In recent years, the spectroscopy and optical properties of chromium single-doped and chromium/rare-earth (RE) co-doped have been extensively studied^1–5 due to their advantages.^6,7 Chromium is a transition metal (TM) with many different valence states.^8–10 In the glass networks, it often exists in the trivalent state Cr³⁺,^1–5,8 which can emit radiation in the visible (VIS), near-infrared (NIR) regions under different excitation wavelengths.^5,11,12 Also, the ⁴T_1g(F) → ⁴A_2g, ⁴T_2g(F) → ⁴A_2g, ²T_1g → ⁴A_2g, ²T_2g → ⁴A_2g and ²E → ⁴A_2g transitions of Cr³⁺ can be combined with Yb³⁺ to generate the VIS, NIR emission spectra.^5,13,14 In 2001, H. U. Güdel et al.¹⁵ confirmed that Cr³⁺, in association with Yb³⁺, creates VIS emission in the wavelength range from 400 to 700 nm.¹⁶ Moreover, our recent study¹⁷ showed that the Cr³⁺/Yb³⁺ co-doped in the glasses generates emission spectra in the wavelength regions of 420–700 nm, 660–860 nm, and 970–1150 nm corresponding to the excitations 358, 488, and 690 nm LD. Since then, we have been interested in enhancing emissions and optical properties of Cr³⁺/Yb³⁺ co-doped in the glasses.^17,18 To this aim, embedding the coinage ions (such as, Ag⁺, Cu⁺ ions) into the glass through the ion exchange process^20–22 is one of the different solutions which brought about positive results.^3,12,19 In fact, the ion exchange process between coinage ions and alkali ions has many advantages compared with other traditional methods.²¹ For example, in many previous researches^22–24 as well as in our recent work,²⁵ it was shown that the coinage ions introduced by the ion exchange processes could significantly affect the optical properties of the glasses such as the refractive index, the optical density, the near-infrared emission spectrum, or even chemically strengthen the glasses^26,27 as well as modify glass structure.²⁸

Through the ion exchange process, the Cu⁺ and Cu²⁺ ions, as well as Ag⁺ ions, could be ejected into the surfaces of the glasses,^{22,24,29–32} then become neutral copper or/and silver atoms and grow into copper or/and silver nanoparticles (CuNPs or/and AgNPs).^24,29,32 Therefore, the ion exchange process between copper or/and silver cations and alkali cations to enhance the luminescence of Cr³⁺/RE³⁺ co-doped has been studied in recent times.^21,29,33 In this paper, we study the influences of the ion exchange process between copper and potassium on the optical bandgaps and spectroscopic properties of Cr³⁺/Yb³⁺ co-doped in 45SiO₂–20Al₂O₃–12.5LaF₃–10BaF₂–9K₂O–1Cr₂O₃–2.5Yb₂O₃ lanthanum aluminosilicate glasses.
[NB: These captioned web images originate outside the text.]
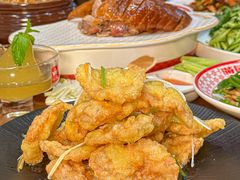 -满园烤鸭·春饼(太原街万达店)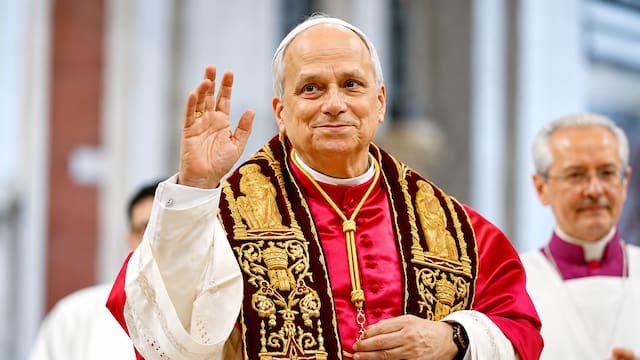 El papa León XIV visitará Uruguay los primeros días de noviembre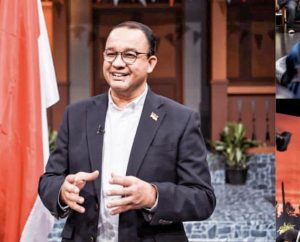 Anies Baswedan tidak Lagi Bergandengan dengan AHY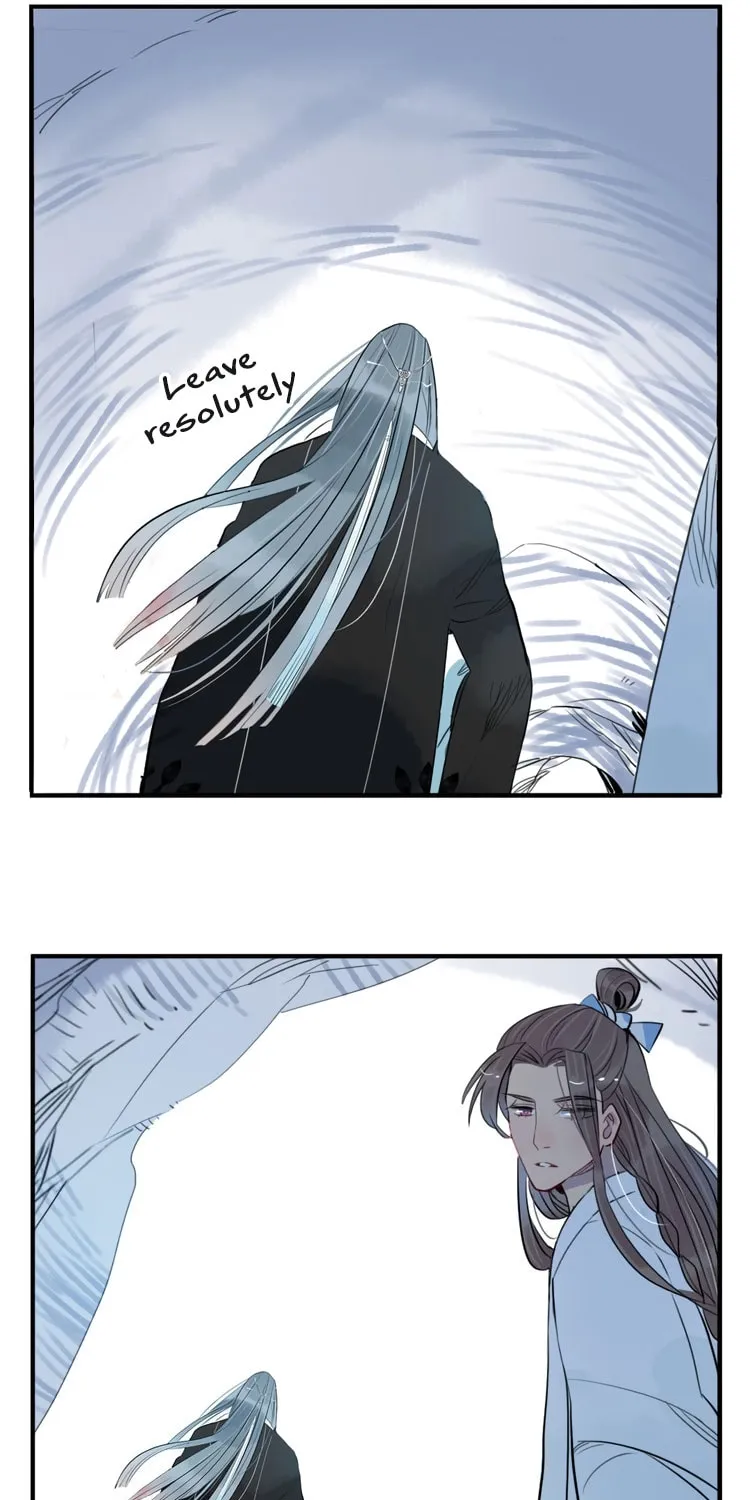 Jun and Wang Xin Chapter 38 page 28 -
We calculated the values of both the direct and indirect optical bandgaps and figured out its manner of dependence on the salt concentration ratios between CuSO₄:K₂SO₄. Besides, the energy transfer mechanism between Cu⁺ and Cu²⁺ ions with Cr³⁺, Yb³⁺ ions was also proposed and discussed.

2. Experimental details

In this study, we used the highly pure (99.99%) reagents of SiO₂, Al₂O₃, LaF₃, BaF₂, Cr₂O₃, K₂O, Yb₂O₃, K₂SO₄, and CuSO₄ to prepare compositions of 45SiO₂–20Al₂O₃–12.5LaF₃–10BaF₂–9K₂O–1Cr₂O₃–2.5Yb₂O₃ (SALBK) by the conventional melting method. After being condensed in a platinum crucible, 12 g of the mixture of these materials were put into an electric furnace to be heated at 1600 °C for 1 h under air atmosphere. After that, we poured the molten mixture into a mold placed on a polished plate made from stainless steel to form glass samples, then annealed all of them at 450 °C for 6 h to remove thermal strains.³⁴ We next cut them into 10 mm × 10 mm × 2 mm size and finally polished their surface for the sake of measurements.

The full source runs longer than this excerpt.